The #1 question people ask about running AI locally: how much VRAM do I need? Here’s the simple answer.
The formula
At Q4 quantization (what most people use):
VRAM needed ≈ model parameters × 0.5-0.7 GB per billion
Plus ~1-2GB overhead for the inference engine and context.
VRAM chart
| Model size | VRAM needed (Q4) | Example models | Example GPUs |
|---|---|---|---|
| 0.5-1B | 2GB | Qwen3.5-0.8B | Any device |
| 3-4B | 4-5GB | Qwen3.5-4B, Phi-3 Mini | 8GB laptop |
| 7-9B | 6-8GB | Qwen3.5-9B, Llama 3.2 7B, DeepSeek R1 7B | 8GB GPU, 16GB Mac |
| 14-15B | 10-12GB | DeepSeek Coder V2 Lite, MiMo-V2-Flash | RTX 3060 12GB |
| 22-24B | 14-16GB | Codestral, Mistral Small | RTX 4070 Ti 16GB |
| 27-32B | 18-24GB | Qwen3.5-27B, Qwen 2.5 Coder 32B | RTX 4090 24GB |
| 70B | 35-45GB | Llama 3.3 70B | 48GB Mac Pro, A6000 |
| 120-130B | 60-80GB | Qwen3.5-122B-A10B | 64GB+ Mac, multi-GPU |
| 400B+ | 150-214GB | Qwen3.5-397B, DeepSeek V3 | 192GB Mac Ultra, multi-A100 |
MoE models use less VRAM than you’d think
Mixture-of-Experts models have a large total parameter count but only activate a fraction per token. However, you still need to load the full model into memory.

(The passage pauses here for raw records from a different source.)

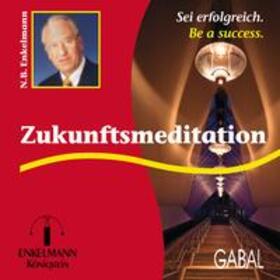 Zukunftsmeditation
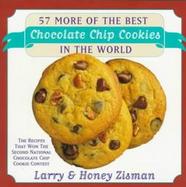 57 More of the Best Chocolate Chip Cookies in the World: The Recipes That Won the Second National Chocolate Chip Cookies Forever Contest cover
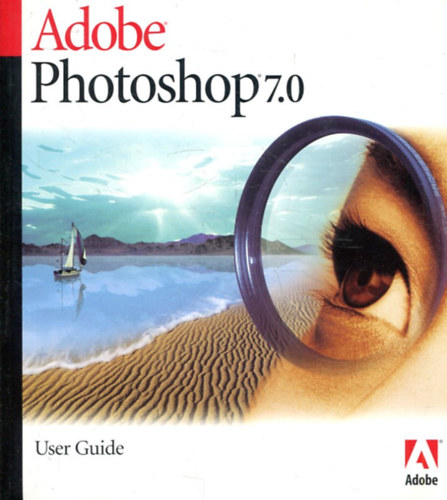 Adobe photoshop 7.0 user guide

| Model | Total params | Active params | VRAM needed (Q4) |
|---|---|---|---|
| MiMo-V2-Flash | 309B | 15B | ~12-16GB |
| Qwen3.5-35B-A3B | 35B | 3B | ~8GB |
| Qwen3.5-397B | 397B | 17B | ~214GB |
| DeepSeek V3 | 671B | 37B | ~80-100GB |
| Llama 4 Maverick | 400B | 17B | ~60-80GB |
The VRAM requirement is based on total parameters, not active parameters. You need to fit the whole model in memory even though only a fraction runs per token.
Context window affects VRAM too
Longer context = more VRAM. The KV cache grows with context length.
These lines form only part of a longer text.